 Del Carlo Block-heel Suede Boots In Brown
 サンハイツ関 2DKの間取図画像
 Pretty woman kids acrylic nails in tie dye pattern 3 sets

§ INSTRUCTIONS TO FOLLOW
From the line that contains "サンハイツ関 2DKの間取図画像" through the final line of the material, copy every line exactly, including both ends.

§ OUTPUT FOR THIS EXERCISE
 サンハイツ関 2DKの間取図画像
 Pretty woman kids acrylic nails in tie dye pattern 3 sets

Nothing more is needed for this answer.